| Problem to solve |
Could you retype every line of the data underneath without altering anything?

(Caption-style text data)

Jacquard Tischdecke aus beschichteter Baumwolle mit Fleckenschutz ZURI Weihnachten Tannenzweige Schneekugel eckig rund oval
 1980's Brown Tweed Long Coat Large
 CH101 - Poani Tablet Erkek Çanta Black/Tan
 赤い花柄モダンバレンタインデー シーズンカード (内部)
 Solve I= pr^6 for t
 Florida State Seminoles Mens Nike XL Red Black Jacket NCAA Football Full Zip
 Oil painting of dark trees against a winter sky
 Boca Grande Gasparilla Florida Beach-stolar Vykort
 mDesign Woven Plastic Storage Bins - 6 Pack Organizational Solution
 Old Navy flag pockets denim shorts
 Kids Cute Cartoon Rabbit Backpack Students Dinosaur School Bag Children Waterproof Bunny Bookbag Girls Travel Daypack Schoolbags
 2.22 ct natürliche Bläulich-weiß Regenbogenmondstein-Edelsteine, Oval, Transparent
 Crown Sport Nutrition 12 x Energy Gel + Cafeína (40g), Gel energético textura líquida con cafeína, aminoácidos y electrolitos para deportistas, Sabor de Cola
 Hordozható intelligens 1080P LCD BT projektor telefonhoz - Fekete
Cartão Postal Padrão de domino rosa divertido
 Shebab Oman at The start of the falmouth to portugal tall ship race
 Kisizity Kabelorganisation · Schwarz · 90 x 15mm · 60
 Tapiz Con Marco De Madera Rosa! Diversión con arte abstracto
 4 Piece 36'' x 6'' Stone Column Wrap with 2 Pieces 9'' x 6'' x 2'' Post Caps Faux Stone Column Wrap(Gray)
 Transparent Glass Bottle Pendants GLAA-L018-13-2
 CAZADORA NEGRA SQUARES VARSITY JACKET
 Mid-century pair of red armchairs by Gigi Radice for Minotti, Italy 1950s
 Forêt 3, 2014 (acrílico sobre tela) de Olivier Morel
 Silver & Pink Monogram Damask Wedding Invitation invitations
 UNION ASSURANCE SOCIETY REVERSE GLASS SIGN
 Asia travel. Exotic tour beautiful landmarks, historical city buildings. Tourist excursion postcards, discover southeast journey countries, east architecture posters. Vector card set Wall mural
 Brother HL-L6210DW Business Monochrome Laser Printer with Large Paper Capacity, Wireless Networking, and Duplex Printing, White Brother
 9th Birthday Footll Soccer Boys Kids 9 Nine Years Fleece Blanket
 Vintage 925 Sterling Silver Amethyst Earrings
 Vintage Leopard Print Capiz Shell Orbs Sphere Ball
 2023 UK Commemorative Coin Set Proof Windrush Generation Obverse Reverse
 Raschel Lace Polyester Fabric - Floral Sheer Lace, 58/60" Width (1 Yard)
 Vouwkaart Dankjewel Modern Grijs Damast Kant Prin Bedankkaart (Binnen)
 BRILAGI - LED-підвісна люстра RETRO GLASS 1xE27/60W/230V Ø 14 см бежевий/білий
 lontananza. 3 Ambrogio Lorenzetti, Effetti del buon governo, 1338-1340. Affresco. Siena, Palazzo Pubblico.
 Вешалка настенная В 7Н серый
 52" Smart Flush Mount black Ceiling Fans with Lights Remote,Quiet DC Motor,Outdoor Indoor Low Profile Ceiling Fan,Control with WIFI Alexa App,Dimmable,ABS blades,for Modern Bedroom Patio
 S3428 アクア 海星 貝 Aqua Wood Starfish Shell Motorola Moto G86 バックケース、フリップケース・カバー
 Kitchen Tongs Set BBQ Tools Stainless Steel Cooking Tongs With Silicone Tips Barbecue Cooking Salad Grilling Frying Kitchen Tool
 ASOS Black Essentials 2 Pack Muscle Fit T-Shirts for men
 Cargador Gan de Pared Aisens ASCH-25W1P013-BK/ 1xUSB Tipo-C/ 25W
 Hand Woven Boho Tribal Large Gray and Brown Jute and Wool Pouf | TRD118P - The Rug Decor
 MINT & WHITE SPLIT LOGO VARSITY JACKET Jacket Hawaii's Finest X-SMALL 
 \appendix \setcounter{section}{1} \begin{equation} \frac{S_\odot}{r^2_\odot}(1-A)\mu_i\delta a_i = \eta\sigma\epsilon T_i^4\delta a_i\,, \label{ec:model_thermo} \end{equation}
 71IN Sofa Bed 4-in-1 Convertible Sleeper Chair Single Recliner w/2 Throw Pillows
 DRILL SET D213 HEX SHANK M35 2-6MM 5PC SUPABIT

| Solved exercise |
Jacquard Tischdecke aus beschichteter Baumwolle mit Fleckenschutz ZURI Weihnachten Tannenzweige Schneekugel eckig rund oval
 1980's Brown Tweed Long Coat Large
 CH101 - Poani Tablet Erkek Çanta Black/Tan
 赤い花柄モダンバレンタインデー シーズンカード (内部)
 Solve I= pr^6 for t
 Florida State Seminoles Mens Nike XL Red Black Jacket NCAA Football Full Zip
 Oil painting of dark trees against a winter sky
 Boca Grande Gasparilla Florida Beach-stolar Vykort
 mDesign Woven Plastic Storage Bins - 6 Pack Organizational Solution
 Old Navy flag pockets denim shorts
 Kids Cute Cartoon Rabbit Backpack Students Dinosaur School Bag Children Waterproof Bunny Bookbag Girls Travel Daypack Schoolbags
 2.22 ct natürliche Bläulich-weiß Regenbogenmondstein-Edelsteine, Oval, Transparent
 Crown Sport Nutrition 12 x Energy Gel + Cafeína (40g), Gel energético textura líquida con cafeína, aminoácidos y electrolitos para deportistas, Sabor de Cola
 Hordozható intelligens 1080P LCD BT projektor telefonhoz - Fekete
Cartão Postal Padrão de domino rosa divertido
 Shebab Oman at The start of the falmouth to portugal tall ship race
 Kisizity Kabelorganisation · Schwarz · 90 x 15mm · 60
 Tapiz Con Marco De Madera Rosa! Diversión con arte abstracto
 4 Piece 36'' x 6'' Stone Column Wrap with 2 Pieces 9'' x 6'' x 2'' Post Caps Faux Stone Column Wrap(Gray)
 Transparent Glass Bottle Pendants GLAA-L018-13-2
 CAZADORA NEGRA SQUARES VARSITY JACKET
 Mid-century pair of red armchairs by Gigi Radice for Minotti, Italy 1950s
 Forêt 3, 2014 (acrílico sobre tela) de Olivier Morel
 Silver & Pink Monogram Damask Wedding Invitation invitations
 UNION ASSURANCE SOCIETY REVERSE GLASS SIGN
 Asia travel. Exotic tour beautiful landmarks, historical city buildings. Tourist excursion postcards, discover southeast journey countries, east architecture posters. Vector card set Wall mural
 Brother HL-L6210DW Business Monochrome Laser Printer with Large Paper Capacity, Wireless Networking, and Duplex Printing, White Brother
 9th Birthday Footll Soccer Boys Kids 9 Nine Years Fleece Blanket
 Vintage 925 Sterling Silver Amethyst Earrings
 Vintage Leopard Print Capiz Shell Orbs Sphere Ball
 2023 UK Commemorative Coin Set Proof Windrush Generation Obverse Reverse
 Raschel Lace Polyester Fabric - Floral Sheer Lace, 58/60" Width (1 Yard)
 Vouwkaart Dankjewel Modern Grijs Damast Kant Prin Bedankkaart (Binnen)
 BRILAGI - LED-підвісна люстра RETRO GLASS 1xE27/60W/230V Ø 14 см бежевий/білий
 lontananza. 3 Ambrogio Lorenzetti, Effetti del buon governo, 1338-1340. Affresco. Siena, Palazzo Pubblico.
 Вешалка настенная В 7Н серый
 52" Smart Flush Mount black Ceiling Fans with Lights Remote,Quiet DC Motor,Outdoor Indoor Low Profile Ceiling Fan,Control with WIFI Alexa App,Dimmable,ABS blades,for Modern Bedroom Patio
 S3428 アクア 海星 貝 Aqua Wood Starfish Shell Motorola Moto G86 バックケース、フリップケース・カバー
 Kitchen Tongs Set BBQ Tools Stainless Steel Cooking Tongs With Silicone Tips Barbecue Cooking Salad Grilling Frying Kitchen Tool
 ASOS Black Essentials 2 Pack Muscle Fit T-Shirts for men
 Cargador Gan de Pared Aisens ASCH-25W1P013-BK/ 1xUSB Tipo-C/ 25W
 Hand Woven Boho Tribal Large Gray and Brown Jute and Wool Pouf | TRD118P - The Rug Decor
 MINT & WHITE SPLIT LOGO VARSITY JACKET Jacket Hawaii's Finest X-SMALL 
 \appendix \setcounter{section}{1} \begin{equation} \frac{S_\odot}{r^2_\odot}(1-A)\mu_i\delta a_i = \eta\sigma\epsilon T_i^4\delta a_i\,, \label{ec:model_thermo} \end{equation}
 71IN Sofa Bed 4-in-1 Convertible Sleeper Chair Single Recliner w/2 Throw Pillows
 DRILL SET D213 HEX SHANK M35 2-6MM 5PC SUPABIT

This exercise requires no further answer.